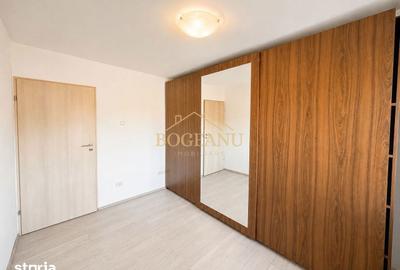 Apartament cu 3 camere în Complex Studențesc - 9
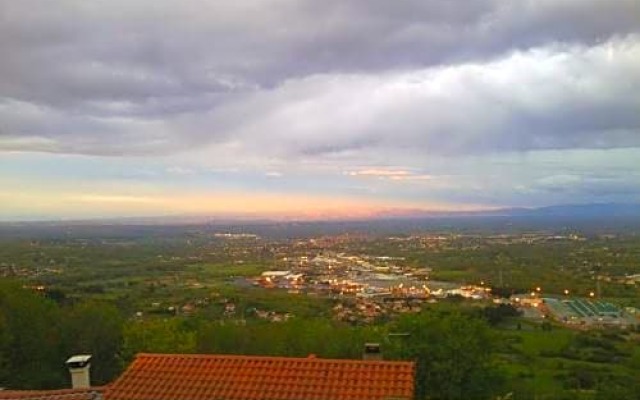 La Chatellenie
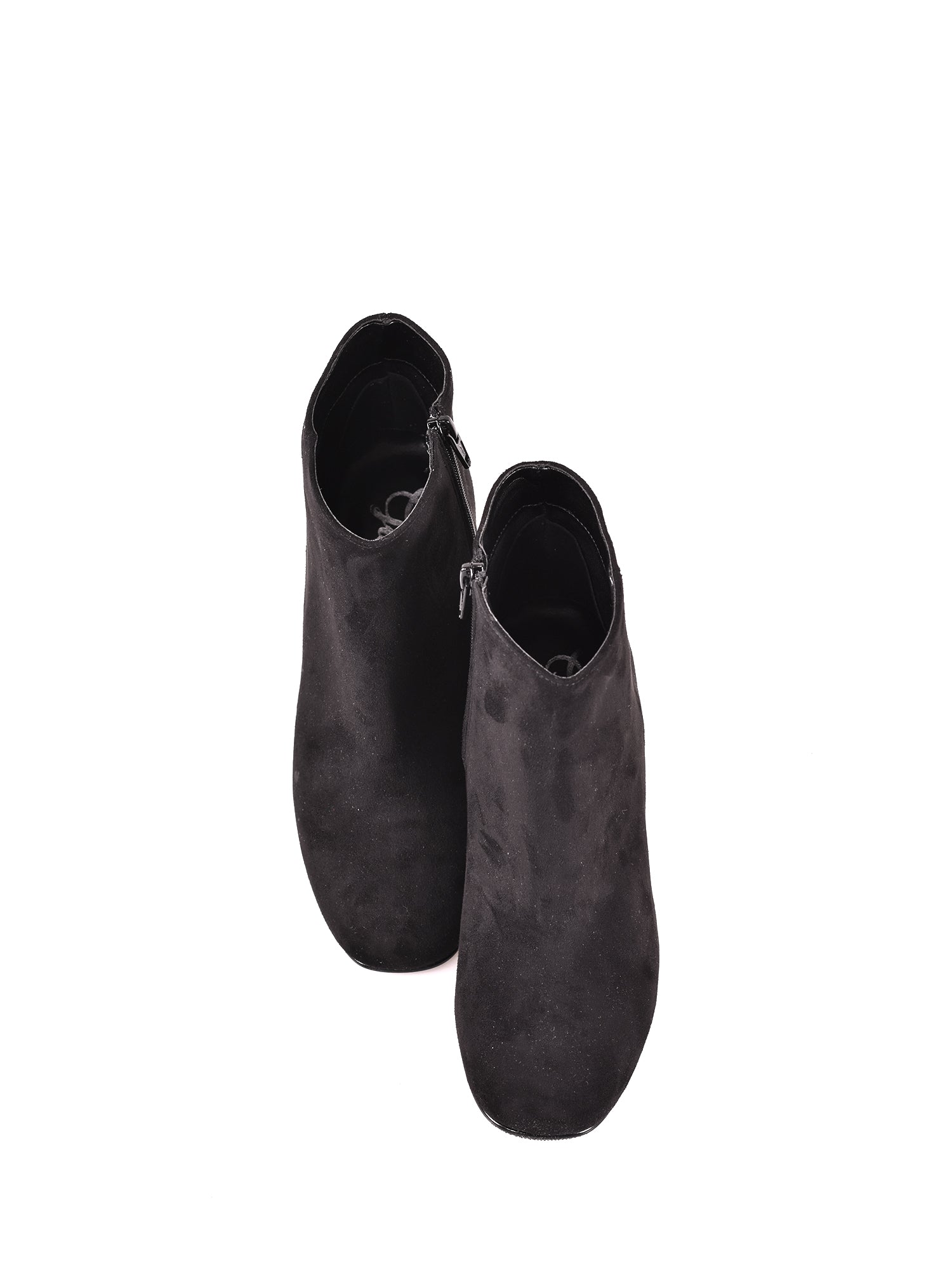 Stivaletti Nero Grace Shoes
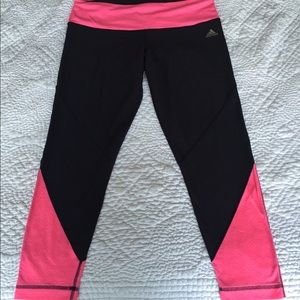 Adidas Tights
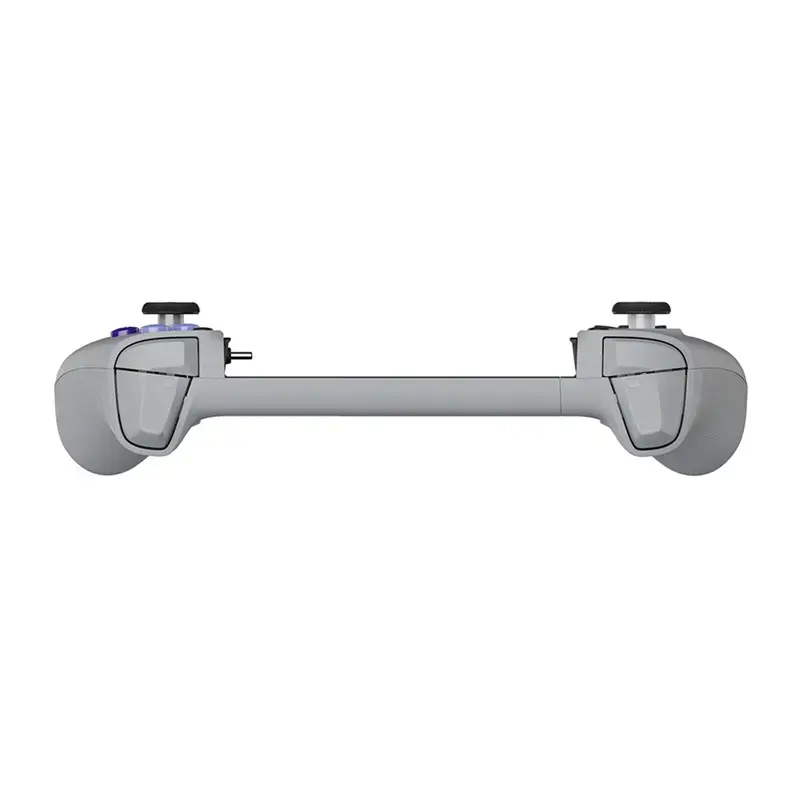 GameSir Mobile Controller G8 Galileo USB-C with Phone Holder, Gray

++++++++

WHAT YOU HAVE TO DO:
Print each line from the one containing "Stivaletti Nero Grace Shoes" through the last line of the listing, both included, exactly and with no pictures.

RESPONSE TO THIS EXERCISE:
 Stivaletti Nero Grace Shoes
 Adidas Tights
 GameSir Mobile Controller G8 Galileo USB-C with Phone Holder, Gray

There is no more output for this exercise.